Po piątkowym relatywnie dużym wzroście na indeksie WIG20 i pokonaniu poziomu 3000 pkt. otwiera się droga do osiągania dalszych lokalnych szczytów, zwłaszcza że nasz rynek był w ostatnim czasie najsilniejszy w regionie. Dobrze kończą się notowania w Azji. Nikkei zyskuje 1,6% a koreański Kospi 2%. Kontrakty terminowe na indeksy amerykańskie również są „na plusie” co powinno pomóc na otwarciu europejskim parkietom.

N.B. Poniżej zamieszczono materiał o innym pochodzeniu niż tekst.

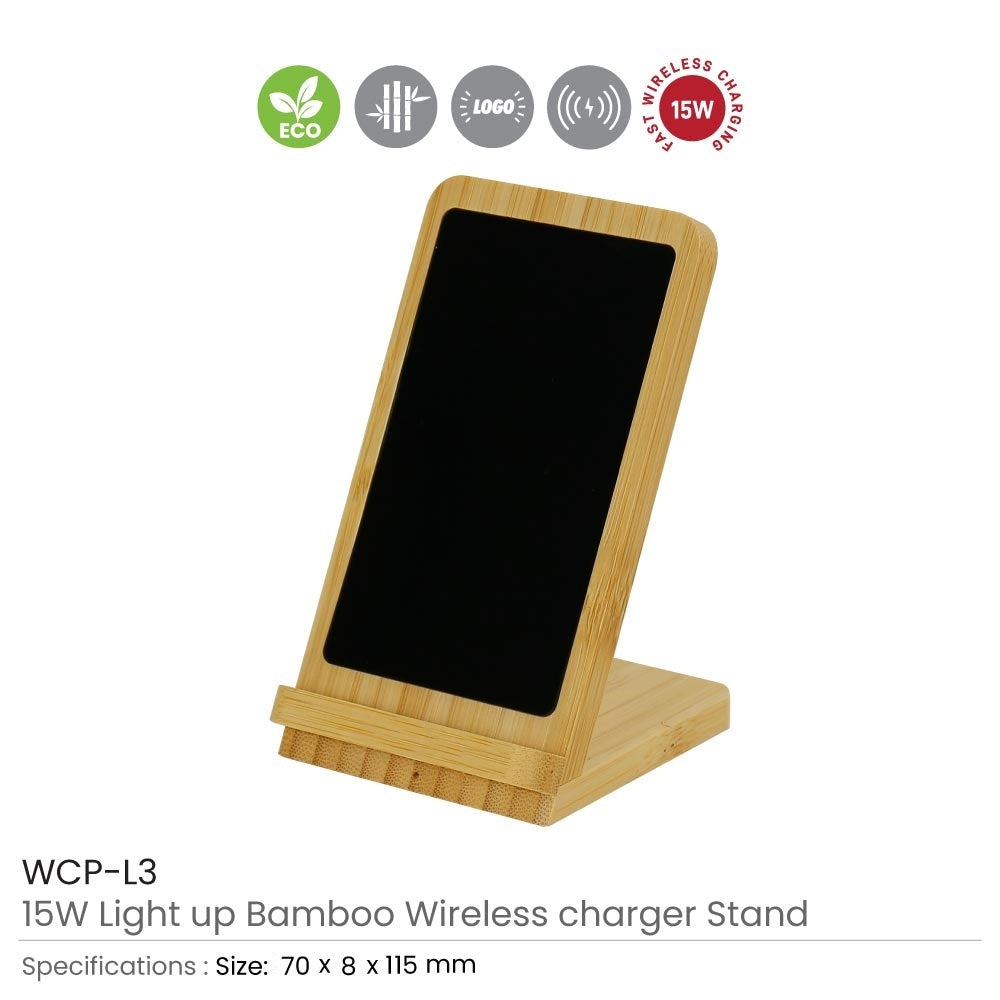 Bamboo Fast Wireless Charger Stand 15W with LED Logo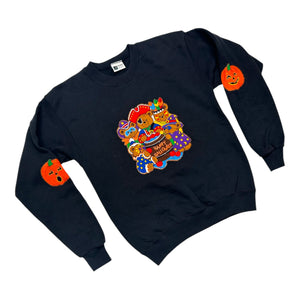 Vintage Double Sided Halloween Sweatshirt ~ Costumed Bears + Spooky Hot Air Balloon Medium at Eerie Emporium. 3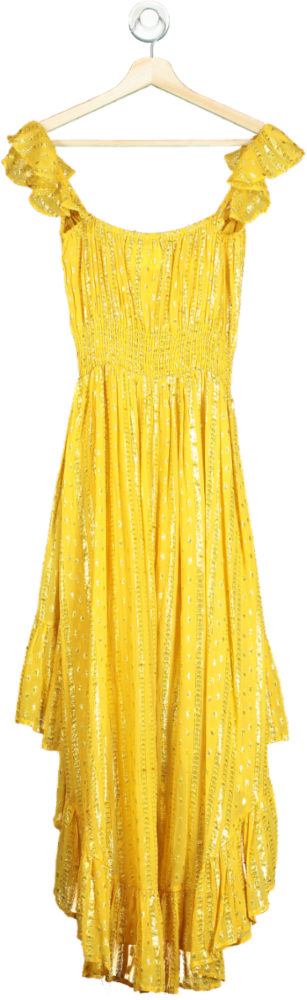 Sundress Yellow Sequin Maxi Dress UK XS/S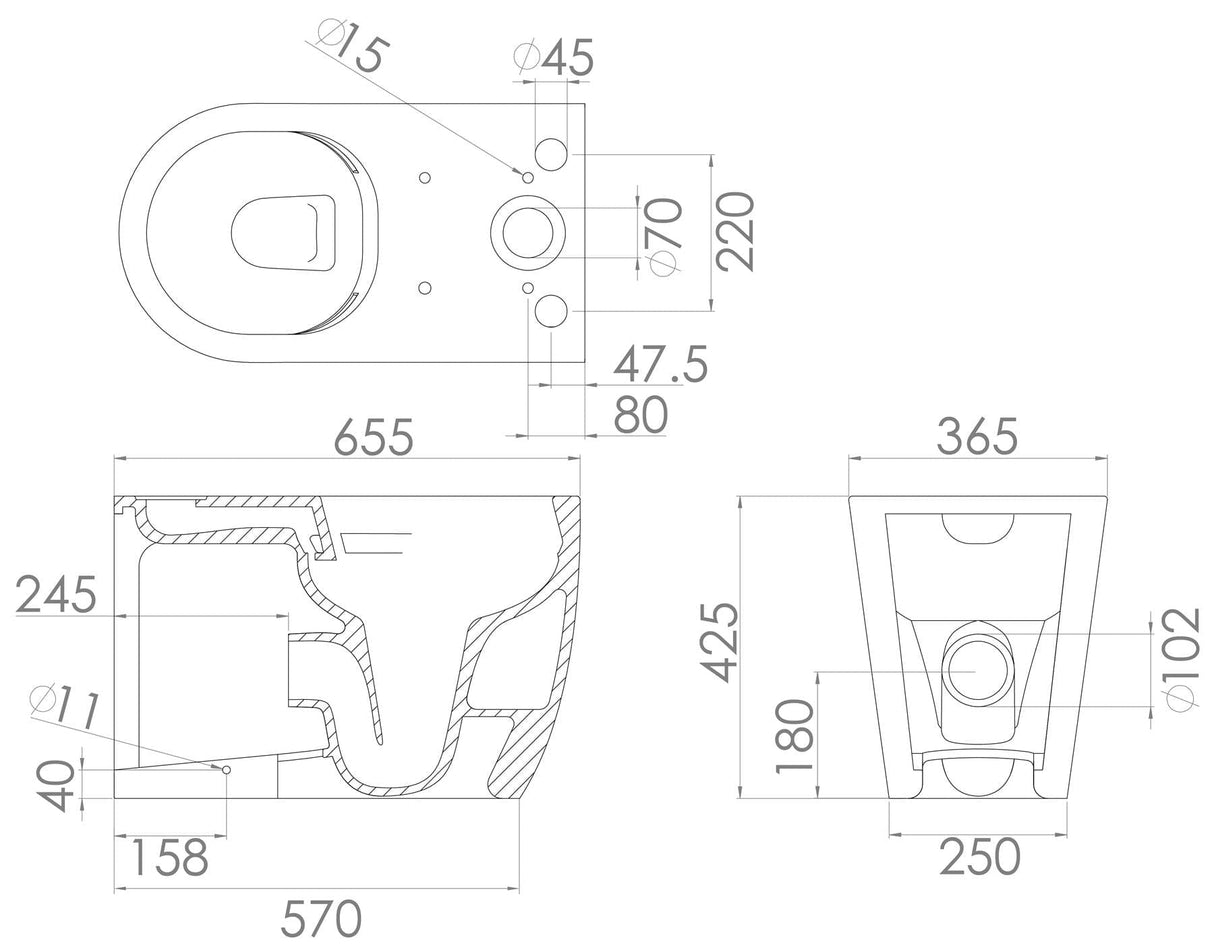 Saneux Close Coupled Toilet Saneux Uni Close Coupled Rimless Toilet with Soft Close Seat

Jeśli doszłoby dziś do spadków na warszawskim parkiecie, to przyczyną może być raczej chęć realizacji zysków po ostatnich wzrostach aniżeli konsekwencje zmian na scenie politycznej. Wszelkie poranne próby osłabienia naszej waluty póki co są okazją do zajęcia nowych pozycji przez sprzedających euro i dolara. O godz. 8.25 za euro płaci się 4,09 zł a za dolara trochę ponad 3,19 zł. Są to zatem poziomy zbliżone do tych, na których ustabilizowała się nasza waluta w piątek wieczorem po informacji o dymisji Premiera Marcinkiewicza.